Problem to solve :: Give the data again exactly as written, without any of its pictures.

Input data ::

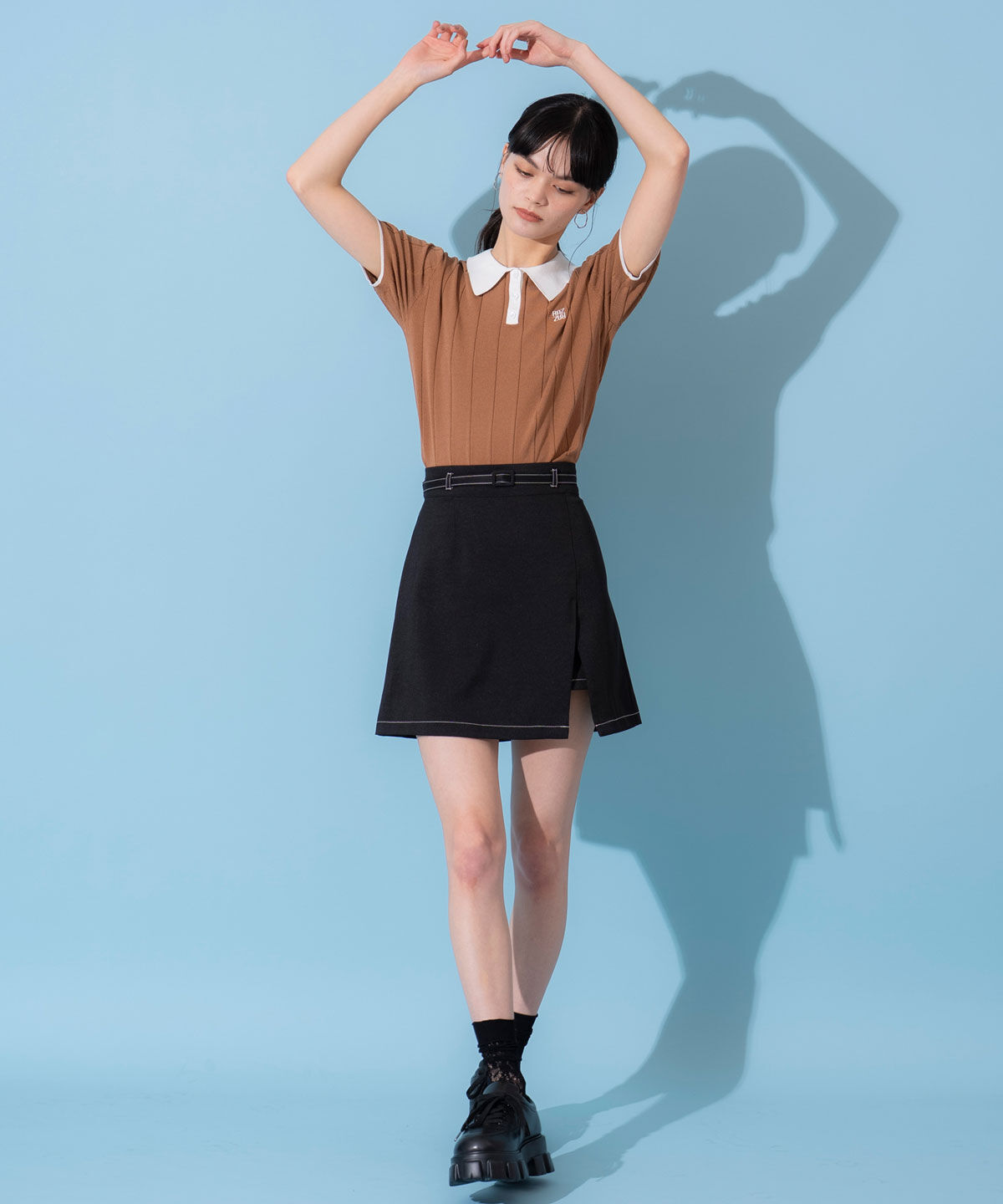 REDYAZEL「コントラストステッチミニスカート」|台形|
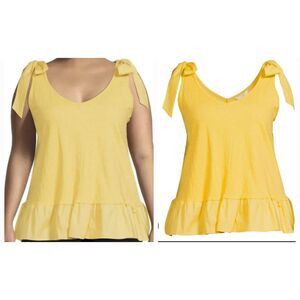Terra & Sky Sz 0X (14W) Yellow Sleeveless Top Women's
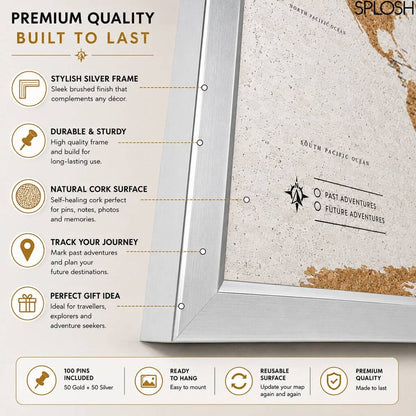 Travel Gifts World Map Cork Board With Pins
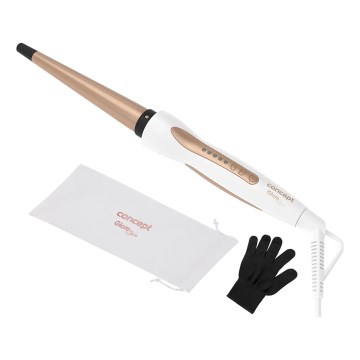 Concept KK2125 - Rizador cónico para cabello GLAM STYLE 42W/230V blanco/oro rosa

Answer for this exercise ::
 REDYAZEL「コントラストステッチミニスカート」|台形|
Terra & Sky Sz 0X (14W) Yellow Sleeveless Top Women's
 Travel Gifts World Map Cork Board With Pins
 Concept KK2125 - Rizador cónico para cabello GLAM STYLE 42W/230V blanco/oro rosa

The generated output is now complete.